Building the Green Infrastructure of East County
Long before "sustainability" was a common word in civic planning, the enterprise that Lucia and Monte Albers helped build was already doing the unglamorous, essential work of keeping East Contra Costa County's waste out of landfills and its recyclables in circulation. Garaventa Enterprises — rooted in a 1930s one-horse-and-buggy collection route founded by the Garaventa family in Concord — grew under the stewardship of its family principals into one of Northern California's most significant locally-owned recycling and resource recovery operations.
By the 1990s, the company had constructed a state-of-the-art Material Recovery Facility at 1300 Loveridge Road in Pittsburg — a 40-acre industrial campus that would become the processing hub for recyclables from hundreds of thousands of East County residents. Municipal franchise agreements with Concord, Pittsburg, Brentwood, Oakley, Discovery Bay, and unincorporated communities gave the company the scale to invest in infrastructure that smaller operations could never have sustained.

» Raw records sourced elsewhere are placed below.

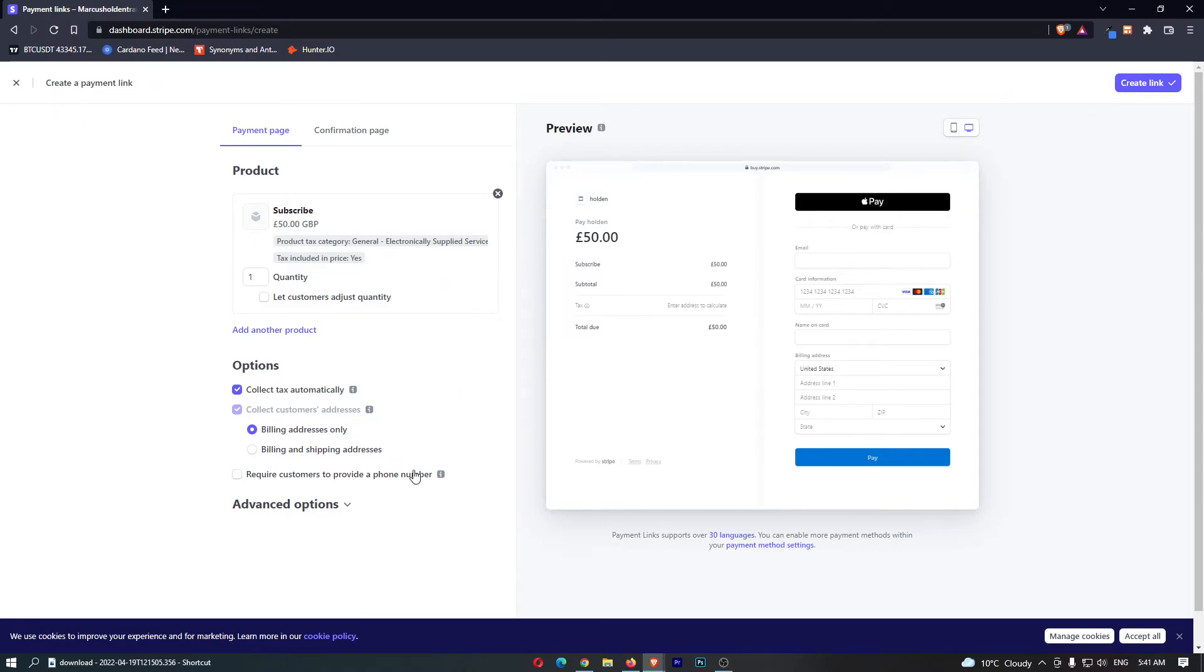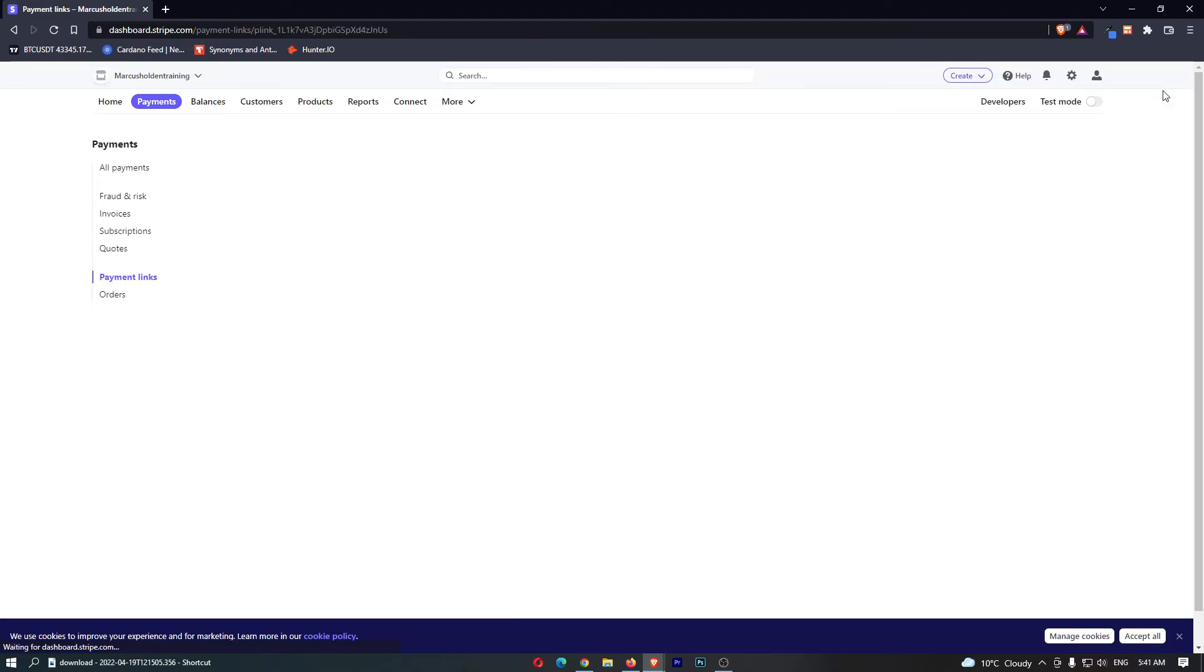Okay and once we have added all of this we can click on create link and we now have this payment link right here. So we can copy this and then we can go ahead and share that anywhere on the internet and that is how you can create a payment link on Stripe.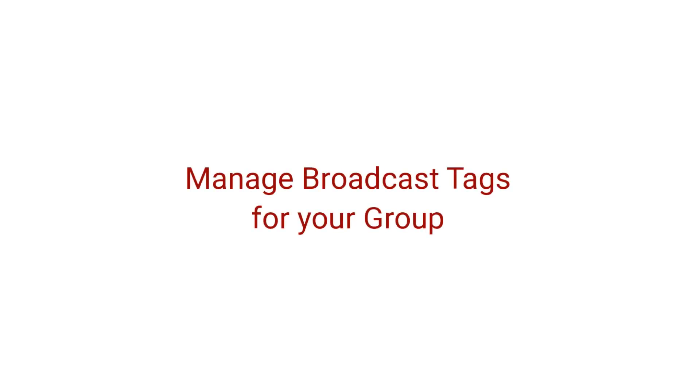In this video, I'm going to walk you through how to quickly and easily ensure the right members receive the right messages.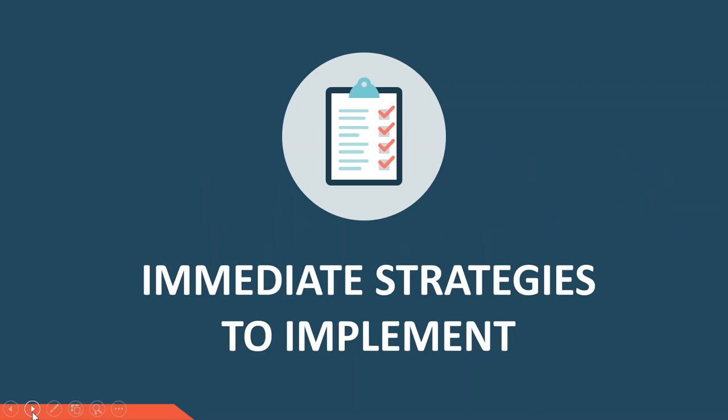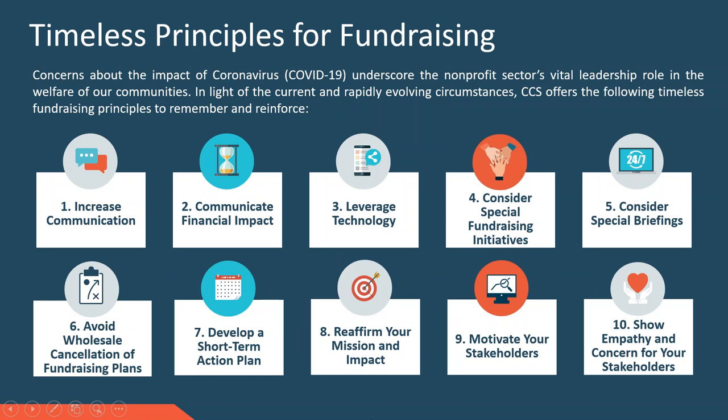Thank you, Rick. In light of the current and very rapidly evolving circumstances in our world today, we wanted to provide 10 actionable strategies, which very much are in line with the four themes that Bob mentioned previously and many of the key points that Rick just emphasized. We'll walk through each of these 10.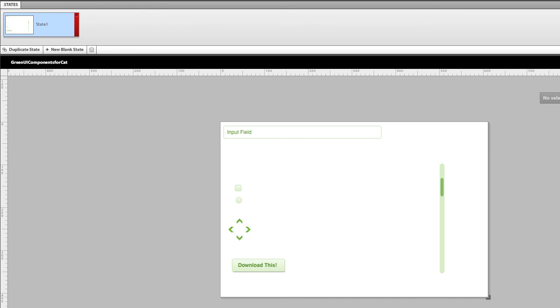So there you go. There's how we took that idea, brought it into Catalyst, and in the next exercise, what I'm going to do is I'm going to wire up these two buttons and this button. I'll see you there.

In 2013, when Contra Costa County put its garbage and recycling franchise up for competitive bid in what the Mercury News described as a potential $1 billion deal, Garaventa prevailed over national competitor Republic Services — a testament to the trust the company had built with county government through decades of reliable, locally-rooted service. And in 2015, when Republic challenged the county's decision to route construction debris to Garaventa's recycling center, the Board of Supervisors voted 3-2 to stand by the local company.

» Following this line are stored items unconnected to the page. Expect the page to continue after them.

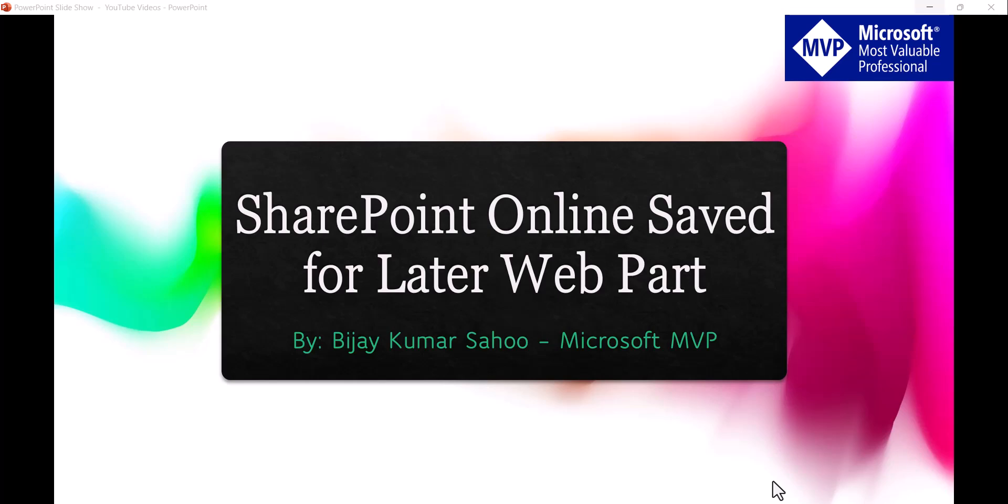In today's video, we are going to discuss SharePoint online saved for later web part. This is a very good web part which we can use to display all the items which we saved for later.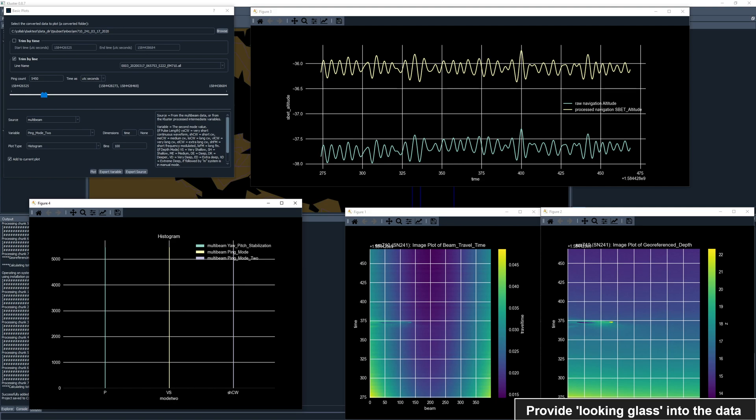As an example, we have the raw and SBET altitude in the top right, showing the 1.5 meter offset between WGS84 and NAD83 in this area, a useful plot for understanding the imported SBET.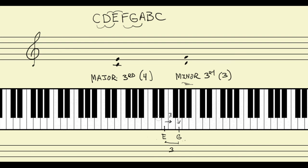Let's take a look at one more — G to B. Here's G on the keyboard, here's B. G to G sharp is one, G sharp to A is two, A to A sharp is three, and A sharp to B is four. So we have four half steps, which means that G to B is a major third.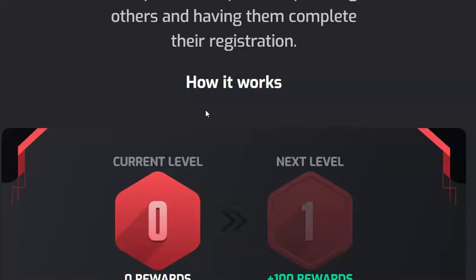So this is what the Mixture leaderboard is, and it's based on the pre-launch competition which is running in Mixture before the launch of Mixture on the 14th of November 2020.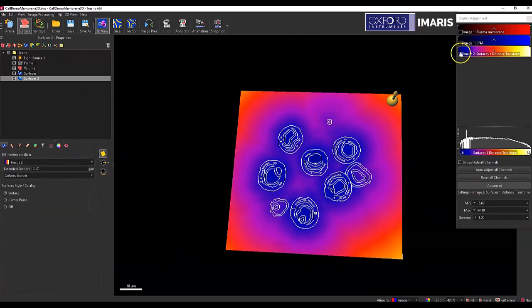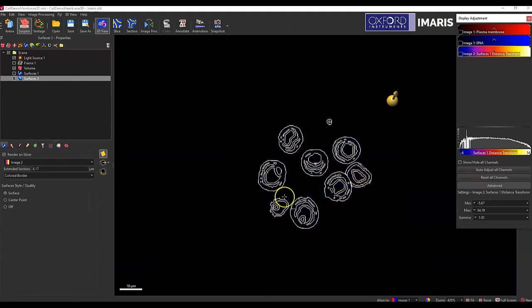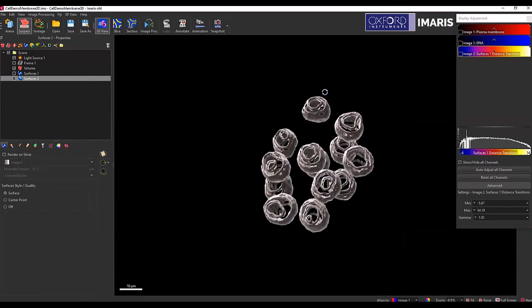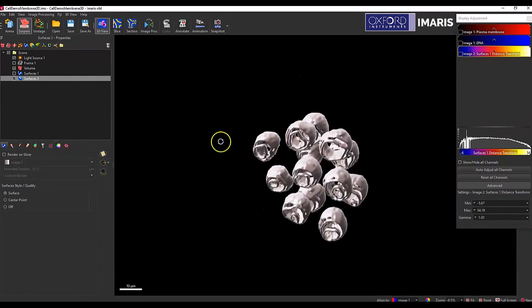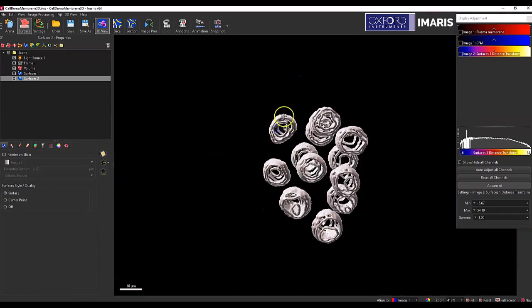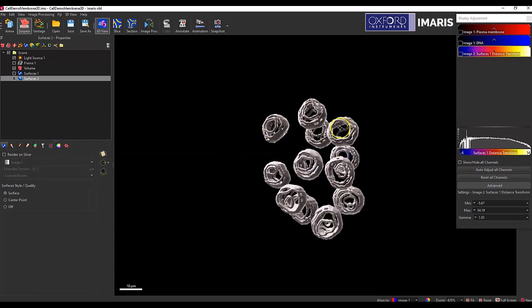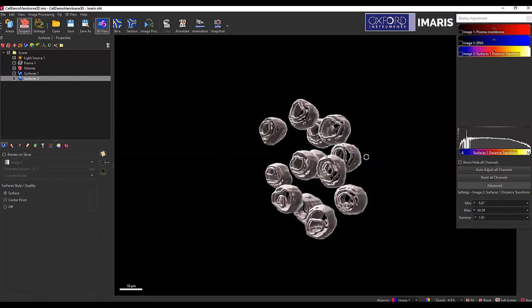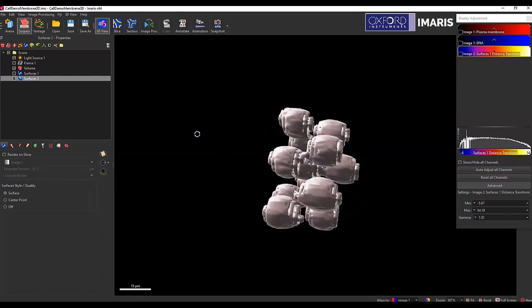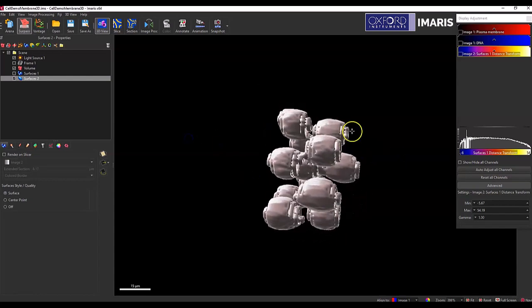Okay, and then we can turn off looking at that volume and then just look at the actual surfaces that were created. And so these will be donut shaped because I did exclude any of the surface creation within the structure. So you can see how that was created there.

In 2017, Garaventa rebranded as Mt. Diablo Resource Recovery to better reflect its environmental mission — a name change that captured something Lucia and Monte Albers had understood from the beginning: that building a community means taking responsibility for what it produces and what it discards.
Impact & Legacy
Today Mt. Diablo Resource Recovery serves over 300,000 residents across five jurisdictions in Contra Costa and Solano Counties, operating one of the region's most advanced recycling and resource recovery systems. The environmental infrastructure the Albers family helped build — from the Pittsburg MRF to the organics processing facility to the 140-truck fleet — is the invisible backbone of East County's sustainability efforts, diverting millions of pounds of material from landfills every year.